Records for the task:
[Start of section]
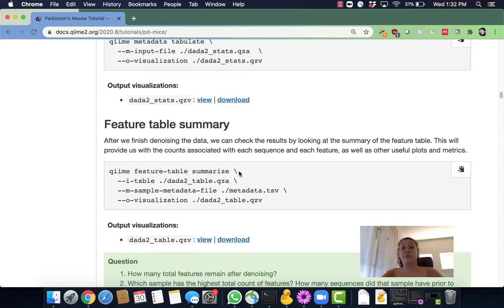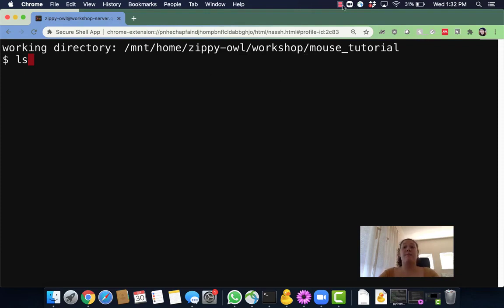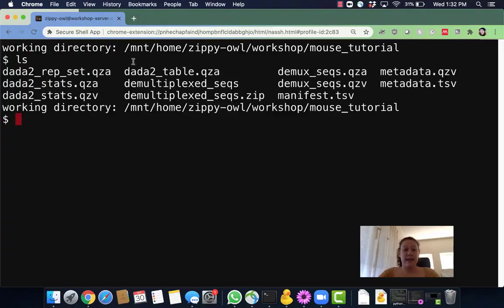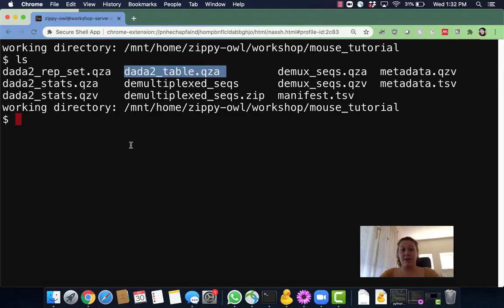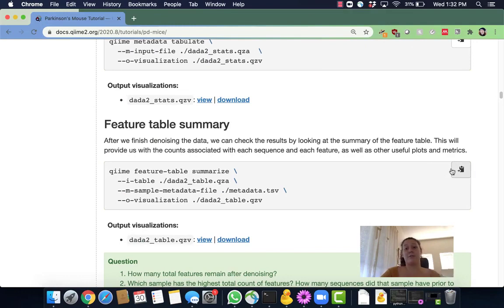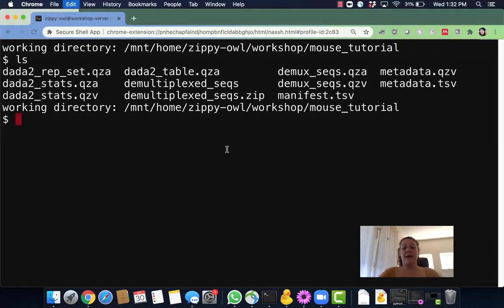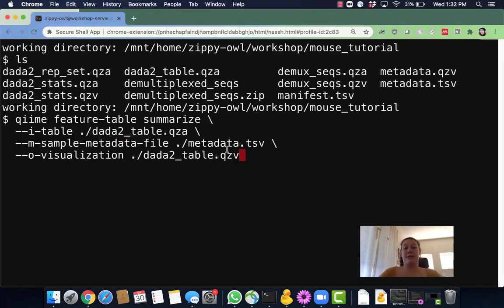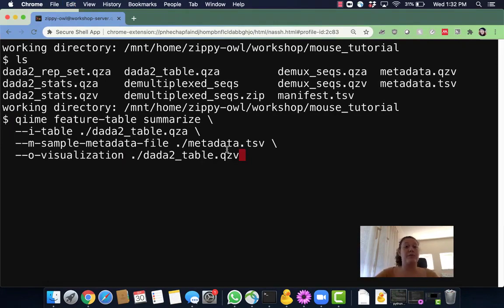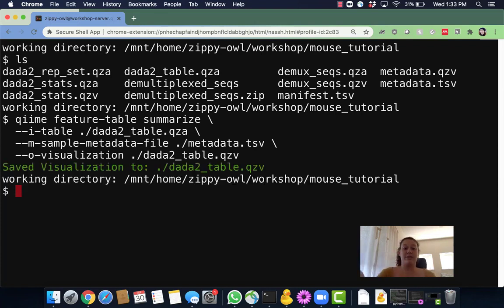Let's head on over to our command line and make sure that we have everything we need. I'm going to ls in my working directory. My working directory is my workshop directory and then inside that workshop directory is the mouse tutorial. So I'm going to ls and what I really need to make sure I have is this DADA2.qza file. If I don't have that I can't run this command. Now I'm going to copy from this little clipboard our command for running feature table summarize and we're going to paste that right in there. We're going to be running the feature table summarize. Our input is going to be the DADA2 table.qza. We're going to input our metadata and we're going to output a visualization. This should only take a couple of seconds and once we have that we will have our visualization.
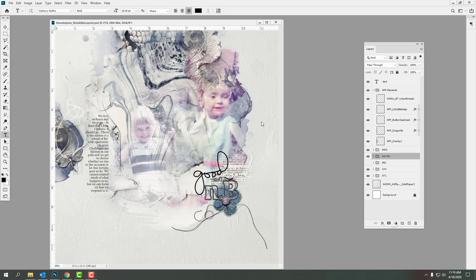Hi there, this is Anna from Anna Aspinist Designs and I want to welcome you to Photo Blending with Artsy Transfers. I have been in this space creating digital art and encouraging students just like you to celebrate your photos by combining them with digital artistry as a form of visual storytelling — whether you are a scrapbooker, a photographer, or a photo artist.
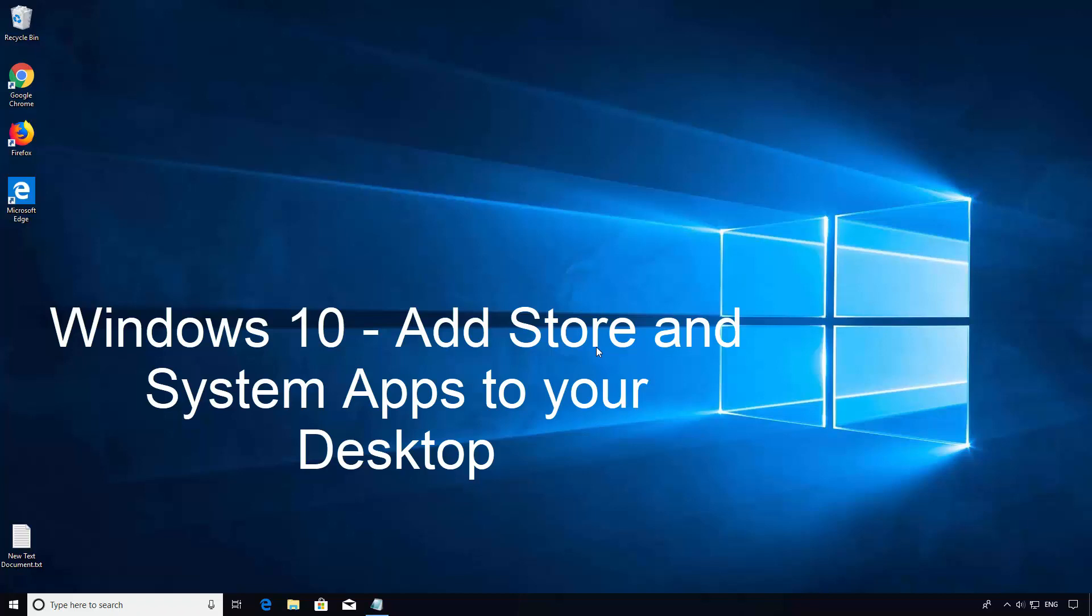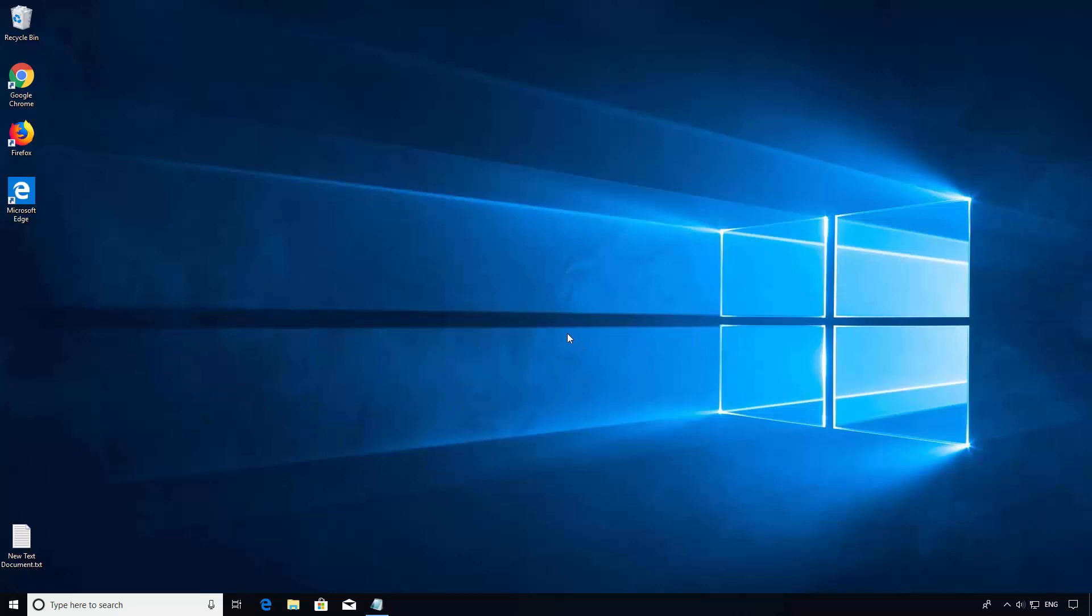How to add Windows 10 Store and system applications to your desktop. Windows 10 applications from the Store or system are a little bit different than regular applications in that they don't have a shortcut you can copy and paste.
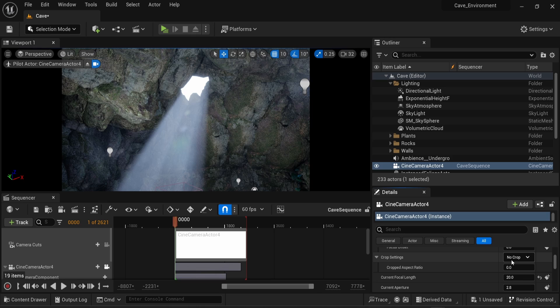By default, the settings are set to no crop and the cropped aspect ratio will be zero. What you need to do is change this value.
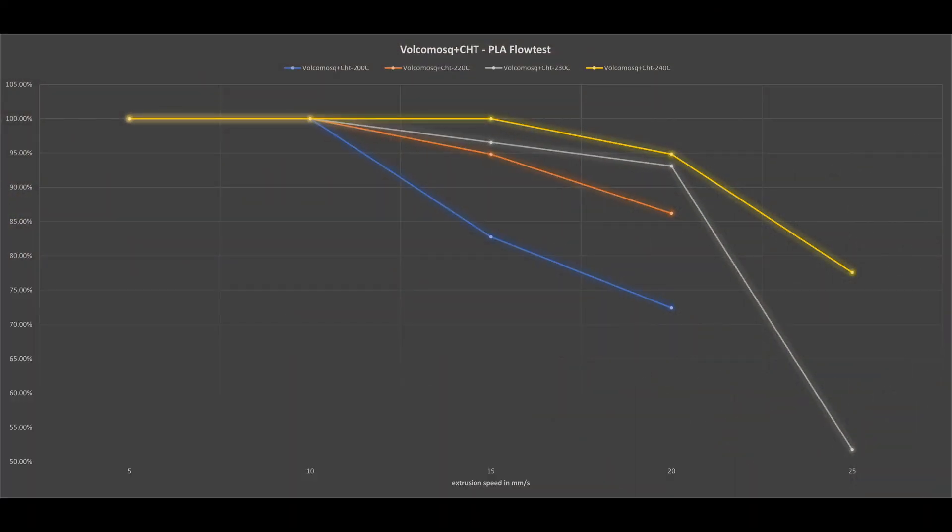Now I would like to show you my results with Volcano Mosquito plus CHT nozzle. You can already see at first sight that the CHT nozzle in the Volcano Mosquito block causes a big improvement.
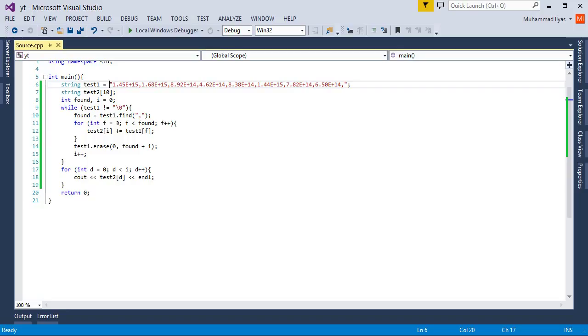I put this data in another string and erase this part from the main string.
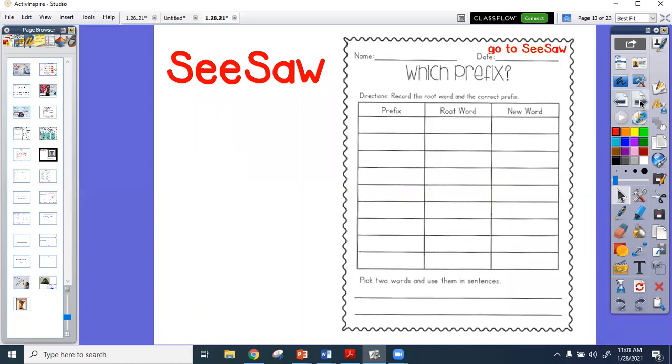Inside of Seesaw, there are nine pictures. And on these picture cards, well, nine cards are not pictures. On these nine cards, there is a prefix clue. And on that prefix clue, it's going to walk you through. Ms. Bland even did an example. It's going to give you a chance to tell Ms. Bland the prefix, what the root word is, and what new word it creates when you put them together. So be sure you visit Seesaw to get that completed.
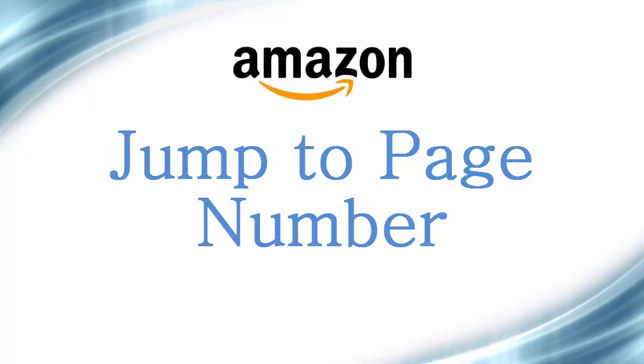What's up guys, this is Satya for Hyperclick. I recently stumbled over this quick workaround on how to navigate or jump to a particular page in Amazon. So let's get into that tutorial.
[End of section]
Task instructions:
Range to copy from the listing above: the line containing "Hi there, this" down to the line containing "Now I would", both included. Reproduce it exactly, minus the pictures, and add nothing.

Completed task:
Hi there, this is Anna from Anna Aspinist Designs and I want to welcome you to Photo Blending with Artsy Transfers. I have been in this space creating digital art and encouraging students just like you to celebrate your photos by combining them with digital artistry as a form of visual storytelling — whether you are a scrapbooker, a photographer, or a photo artist.
How to add Windows 10 Store and system applications to your desktop. Windows 10 applications from the Store or system are a little bit different than regular applications in that they don't have a shortcut you can copy and paste.
By default, the settings are set to no crop and the cropped aspect ratio will be zero. What you need to do is change this value.
Now I would like to show you my results with Volcano Mosquito plus CHT nozzle. You can already see at first sight that the CHT nozzle in the Volcano Mosquito block causes a big improvement.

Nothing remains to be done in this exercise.